Biyolojik saati normale döndürmek için uzmanlar, her gece yatmadan önce uygulanması gereken bir sağlıklı yaşam ritüeli olan bir uyku rutini oluşturmanızı önerir.Ana kural çok basittir: saatler öncesinde stresli hiçbir şey yapmayın. faturaları ödemek, sevilen biriyle kavgaya başlamak veya televizyonda veya internette olumsuz haberler izlemek gibi birkaç mum yaktıktan sonra Epson ve birkaç damla uçucu yağ.
Kafeini sınırlayın
Kafein, özellikle yatma saatine yakın alındığında uyku kalitesini olumsuz etkileyebilir. Avrupa Gıda Güvenliği Otoritesi Efsa'ya göre günde almanız gereken maksimum kafein dozu 400 mg veya 4 fincandır ve bunu yatmadan birkaç saat önce yapmayı bırakmalısınız. Bu heyecanı yaşatabilecek uyaranlara herkes farklı tepki verir ancak uykusuzluk çekenler veya genellikle uykusuz kalanlar için son kahveyi en geç 14:00'e kadar içmeleri daha iyi olur.Bu belirti herkes için de geçerlidir. diğer kafeinli içecekler.
Alkol alımınızı azaltın
Pandeminin başlangıcından bu yana, dünyanın birçok ülkesinde alkollü içecek tüketiminde artış oldu.

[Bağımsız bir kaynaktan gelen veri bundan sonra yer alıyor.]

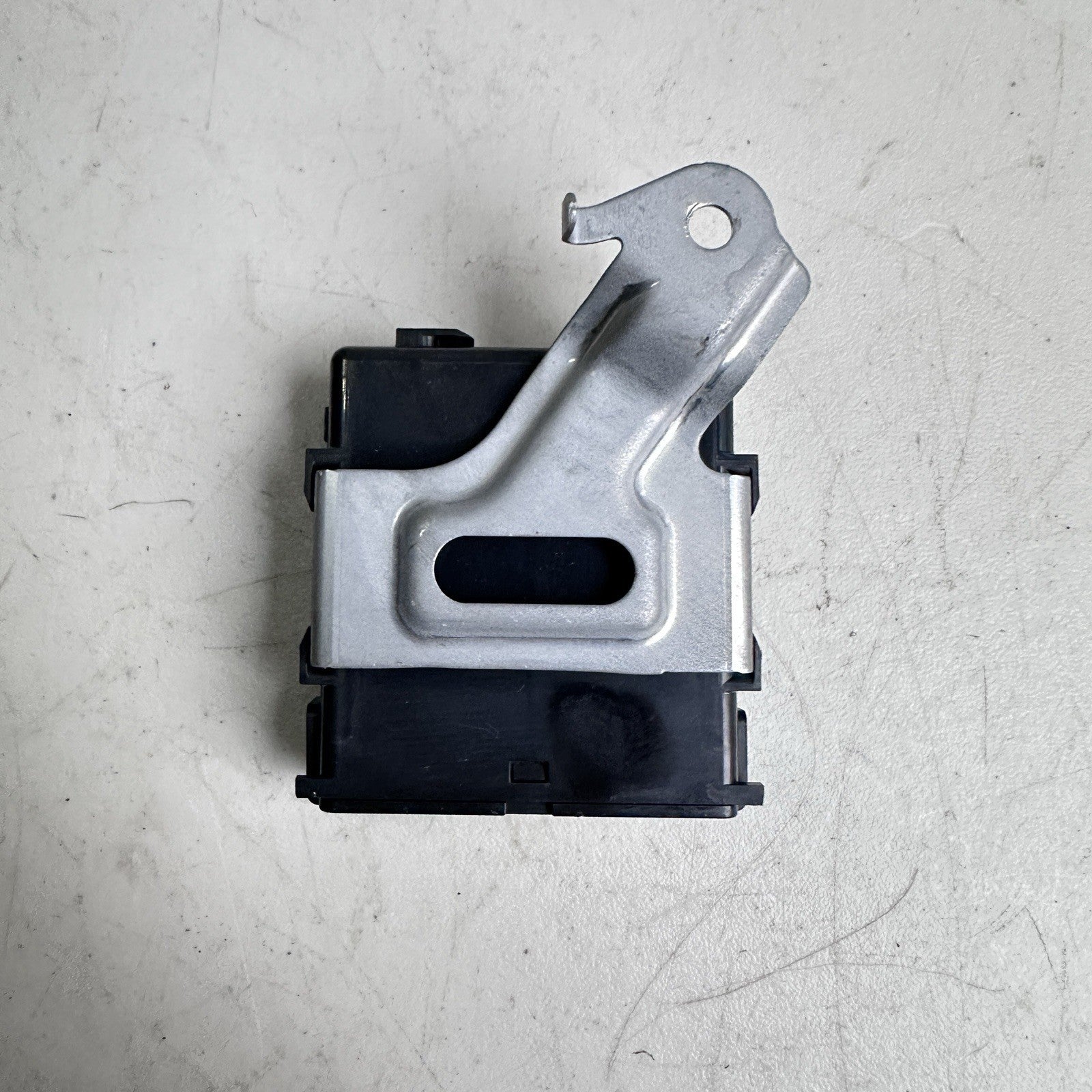 20-23 Toyota Corolla Front Windshield Wiper System Control Module 85940-12230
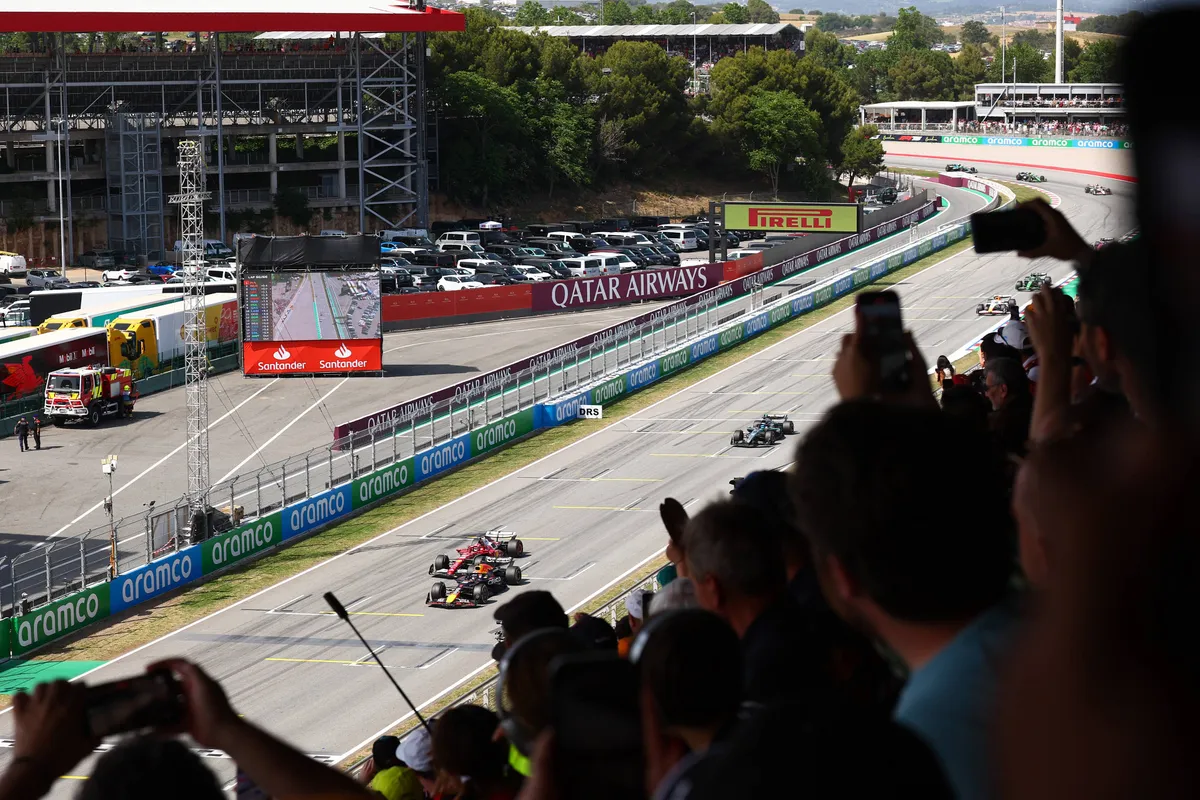 Helmut Marko over actie van Verstappen: "Er was een zekere frustratie en dat uit zich in de rijstijl"
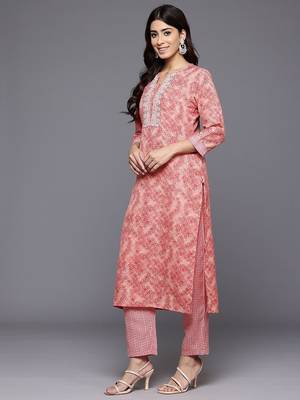 Ethnic Motifs Printed Zari Kurta With Trousers & Dupatta 5
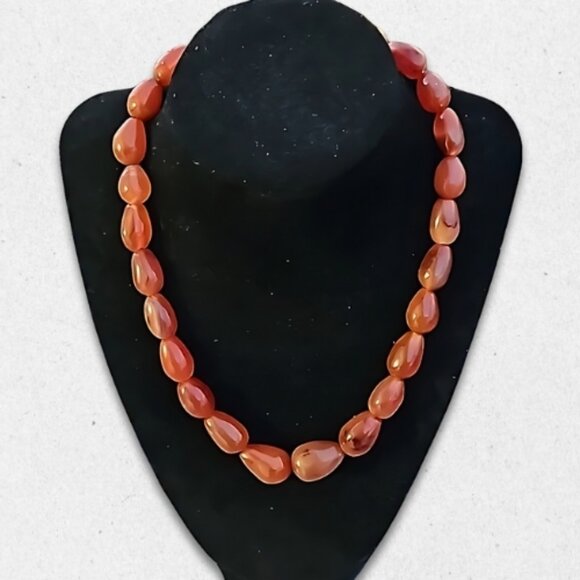 Jewelry - Vintage Inspired Agate Beaded Necklace Teardrop Shaped Screw Clasp Orange W OS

Alkol, genel sağlığa zararlı olmasının yanı sıra, dinlenmenin dostu değildir, çünkü üçüncü ve dördüncü evrelerde veya en yoğun ve derin evrelerde uykunun niceliğini ve kalitesini önemli ölçüde azaltır, bu da vücudun ertesi güne göre yenilenmesini sağlar. .
Ortalama kilodaki yetişkin bir kişinin tek bir alkollü içeceği metabolize etmesi yaklaşık bir saat sürdüğü göz önüne alındığında, alımı bir bira veya bir bardak şarapla sınırlamanız, ardından bir bardak su içip en az 60 dakika beklemeniz tavsiye edilir. yatmadan önce Daha fazla içerseniz, uykuya dalmaya çalışmadan önce bekleme süresi de artmalıdır.
Ayrıca geceleri uyumadan önce karbonhidrat yemenin zararlı olduğu da düşünülür, ancak durum gerçekten böyle mi?
Cihazların kullanımını kısıtlayın
Akıllı telefonların, tabletlerin ve bilgisayarların ekranları önünde geçirilen fazla zaman, birçok bilimsel çalışma ile uyku bozukluklarına ve özellikle uykusuzluğa bağlanmıştır.Bu nedenle, tüm elektronik cihazları uyumadan bir saat önce kapatmak daha iyidir. , beynin mecazi olarak fişi çekmesine ve daha sessiz bir gece yaşamaya hazırlanmasına izin vermek için.
Yatmadan önce bazı germe egzersizleri yapmak da yardımcı olabilir.